§ **WORK ITEM**
Straight copy, no pictures: transcribe each entry as it stands.

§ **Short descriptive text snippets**

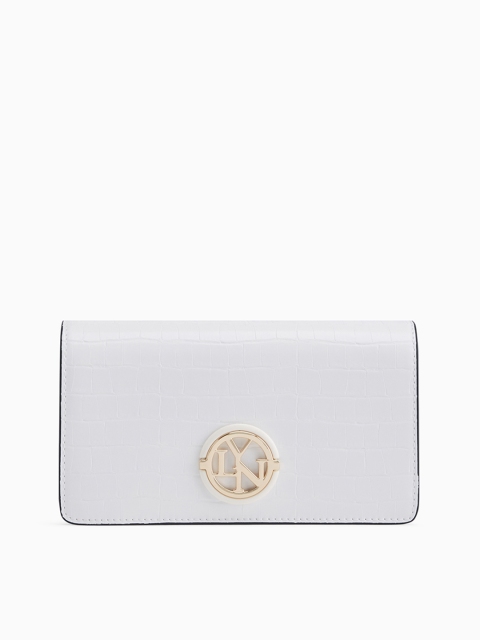 

LYN White Textured Lolita Crossbody Bag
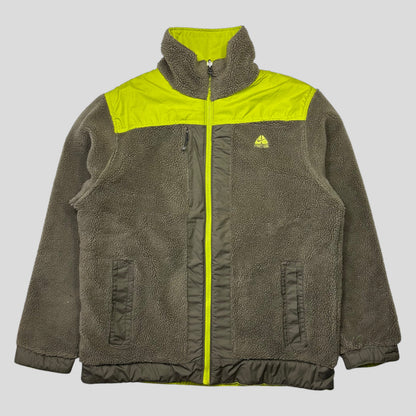 Nike ACG FW07 Reversible Nylon Panelled Fleece - M/L | Default Title, Multicoloured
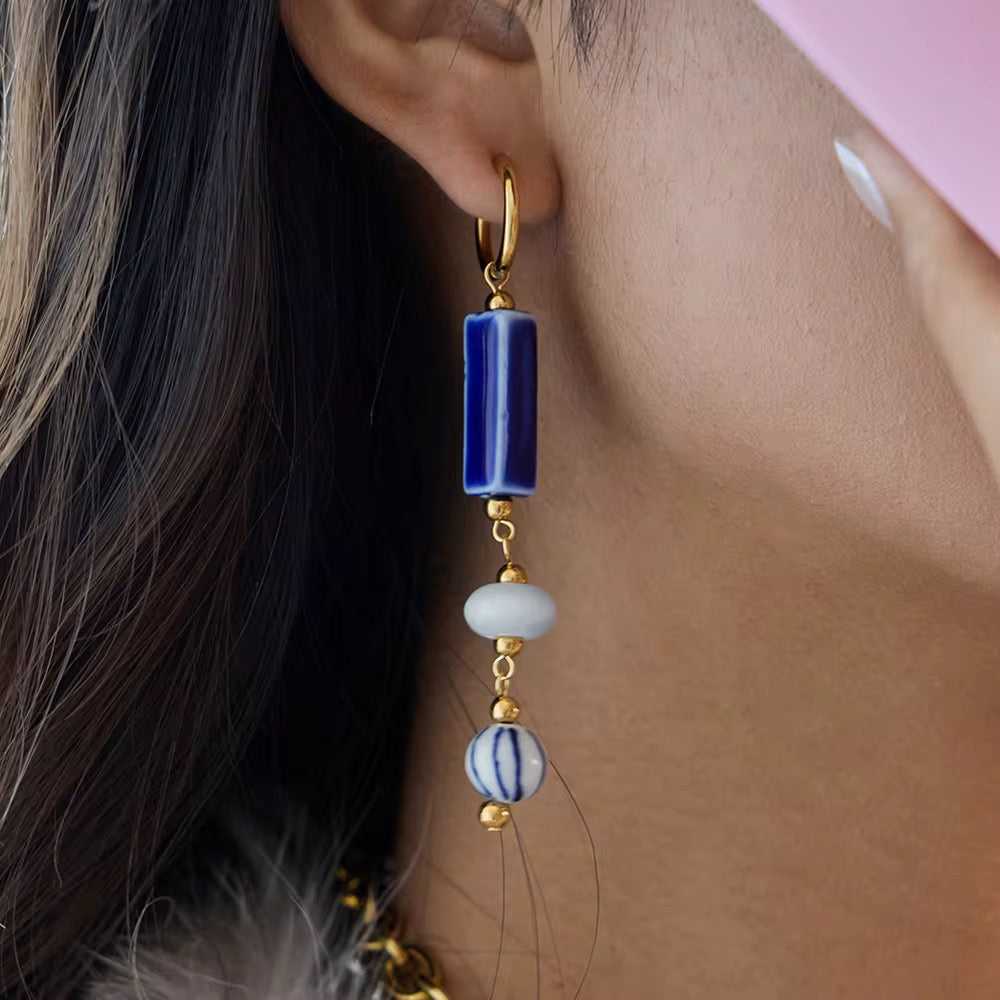 Blue Blossom Earring
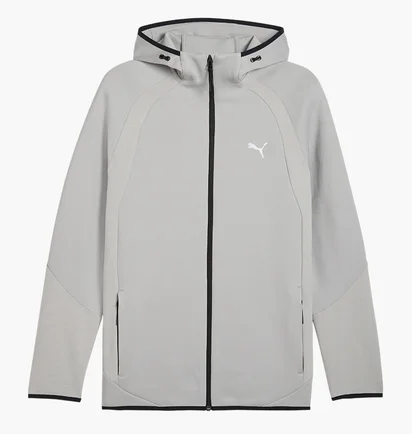 Толстовка мужская Puma Evostripe Full-Zip Grey 688231-63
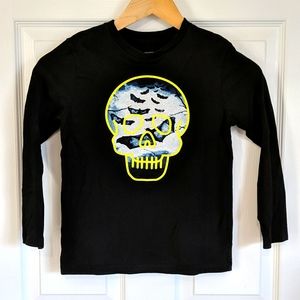 Boys GAP Skeleton head long sleeve tee Sz S (6-7)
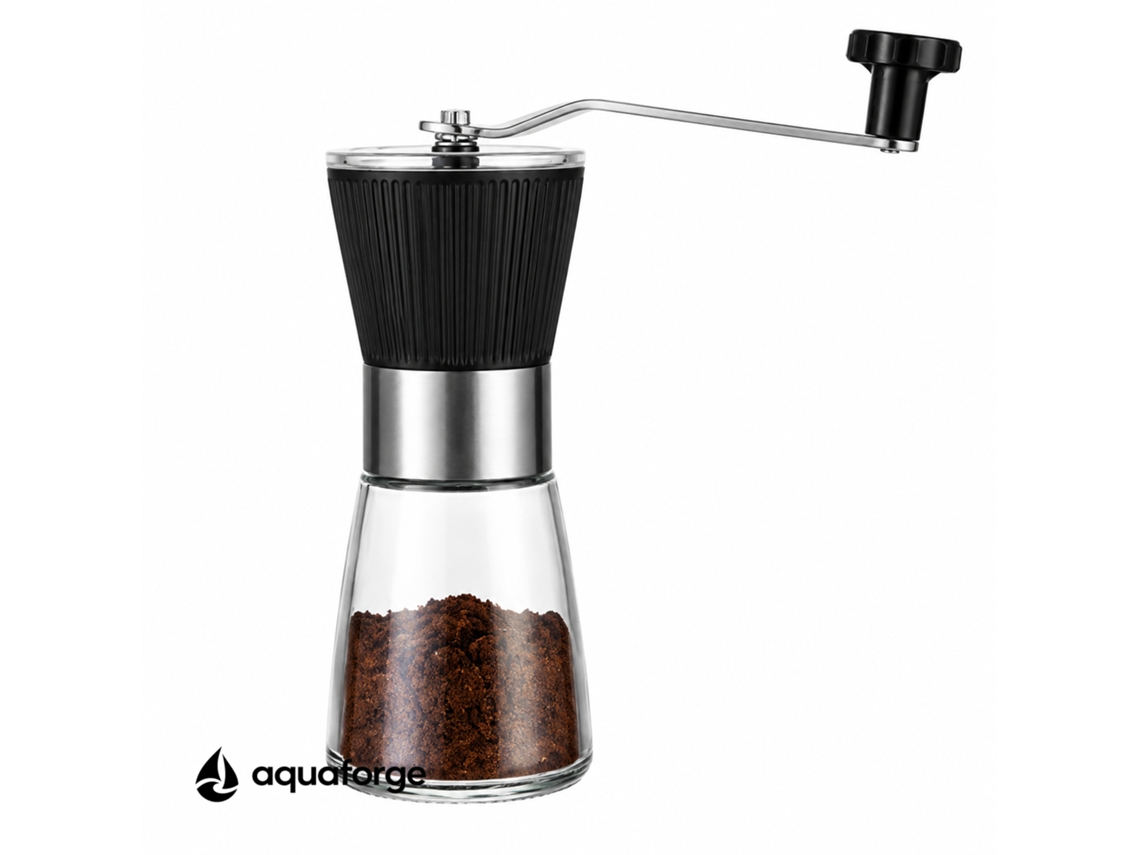 Moinho Manual De Café Aquaforge Para Café, Preto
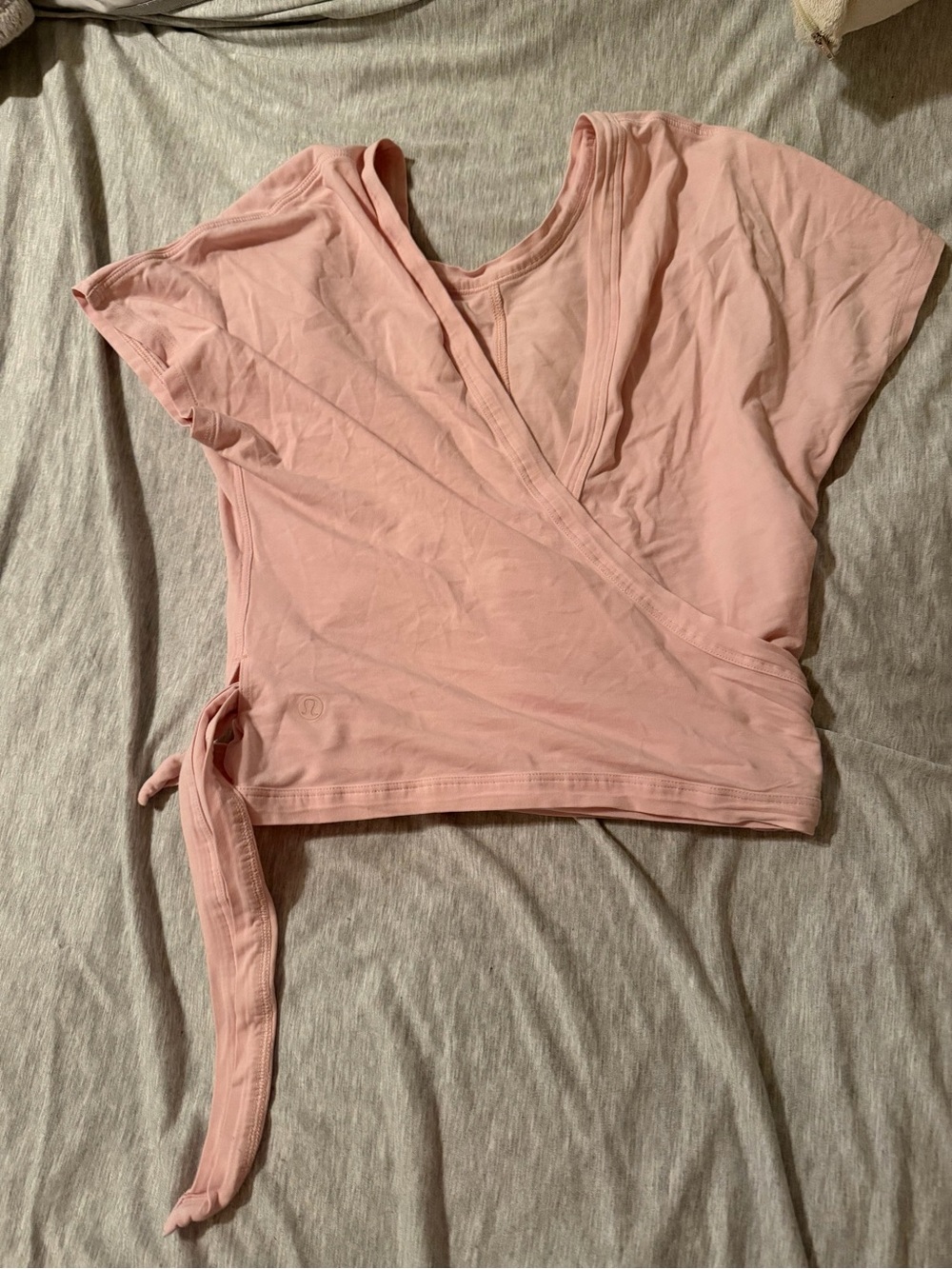 lululemon athletica It's a Tie Tee Pink Wrap Crop Top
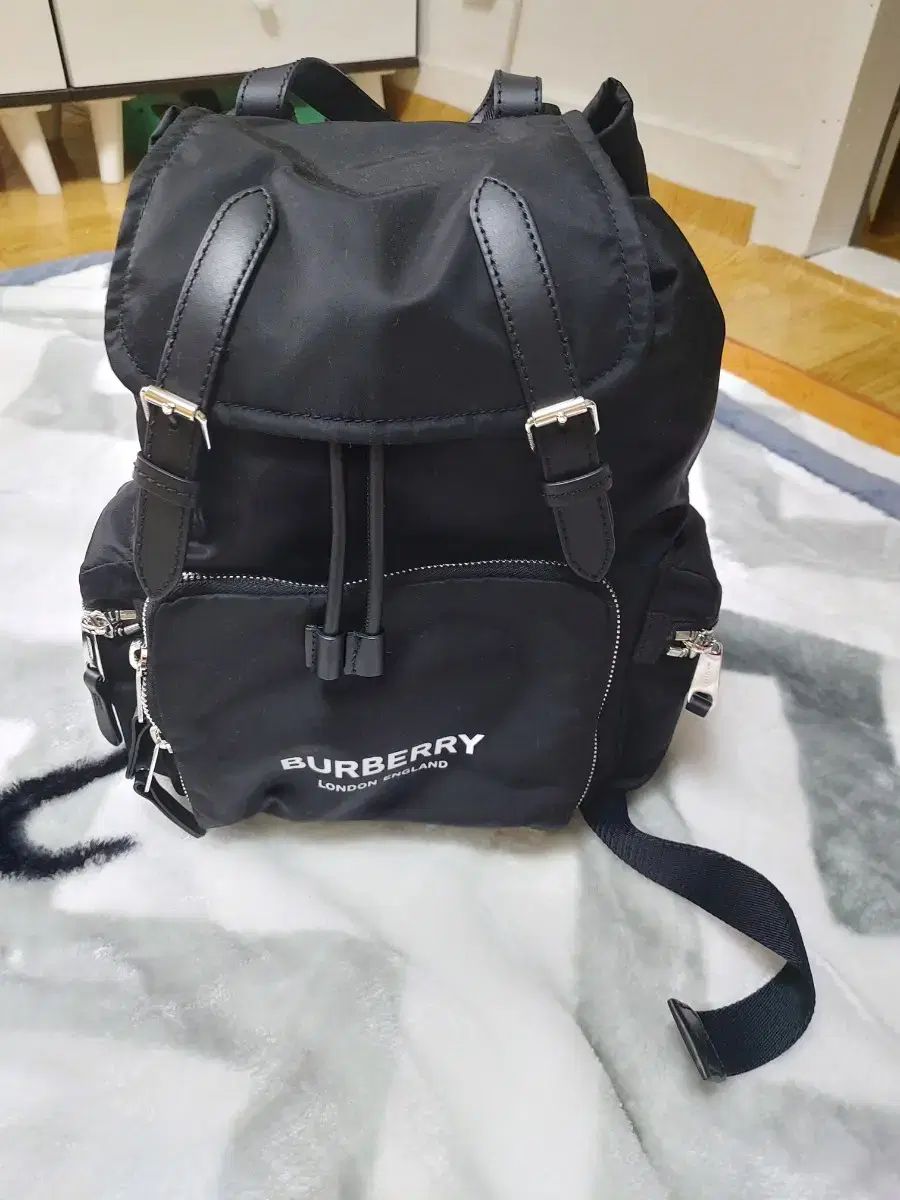 Burberry logo genuine backpack bag for sale. Condition is good.^^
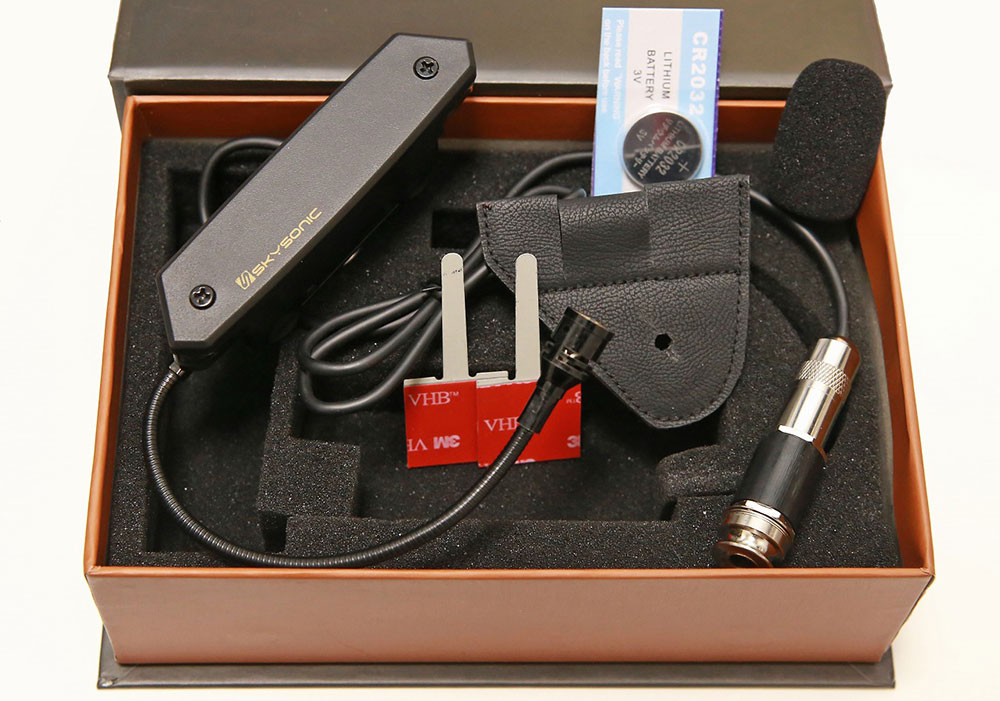 SKYSONIC NEW T-902 LH 2Way Soundhole Pickup レフトハンド用 サウンドホール ピックアップ パッケージ内画像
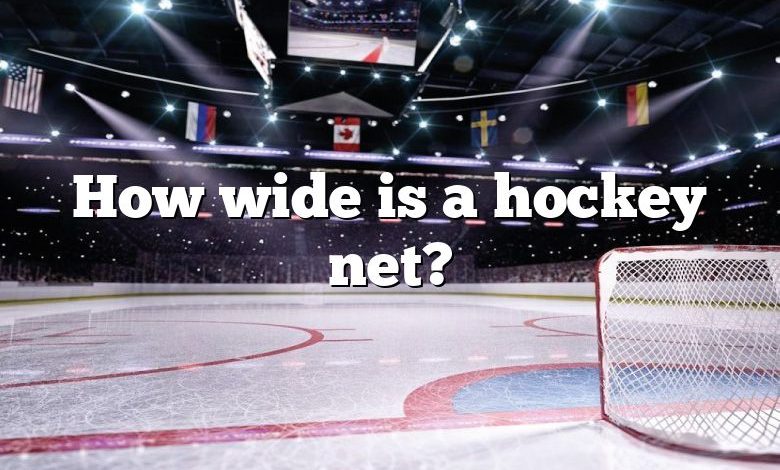 How wide is a hockey net?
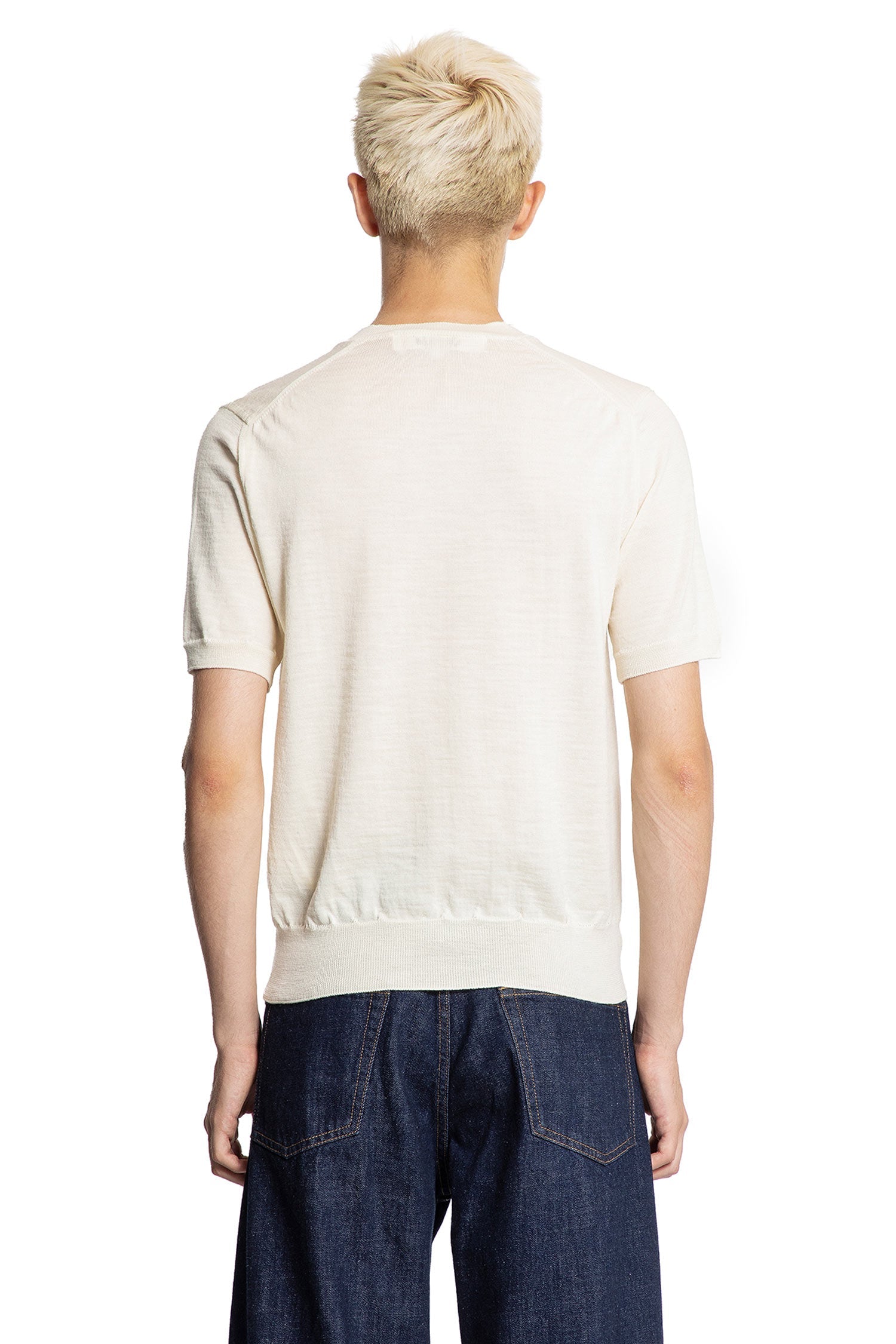 Heart Wool Knit Short Sleeve Tee Comme des garcons – Гарантія оригінальності – збільшений вид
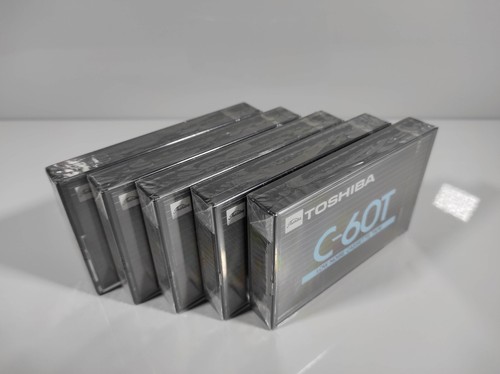 5 x TOSHIBA C-60T Blank Audio Cassette 1973-76 Tapes Sealed New items - Picture 11 of 11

§ **TASK OUTPUT**
LYN White Textured Lolita Crossbody Bag
 Nike ACG FW07 Reversible Nylon Panelled Fleece - M/L | Default Title, Multicoloured
 Blue Blossom Earring
 Толстовка мужская Puma Evostripe Full-Zip Grey 688231-63
 Boys GAP Skeleton head long sleeve tee Sz S (6-7)
 Moinho Manual De Café Aquaforge Para Café, Preto
 lululemon athletica It's a Tie Tee Pink Wrap Crop Top
 Burberry logo genuine backpack bag for sale. Condition is good.^^
 SKYSONIC NEW T-902 LH 2Way Soundhole Pickup レフトハンド用 サウンドホール ピックアップ パッケージ内画像
 How wide is a hockey net?
 Heart Wool Knit Short Sleeve Tee Comme des garcons – Гарантія оригінальності – збільшений вид
 5 x TOSHIBA C-60T Blank Audio Cassette 1973-76 Tapes Sealed New items - Picture 11 of 11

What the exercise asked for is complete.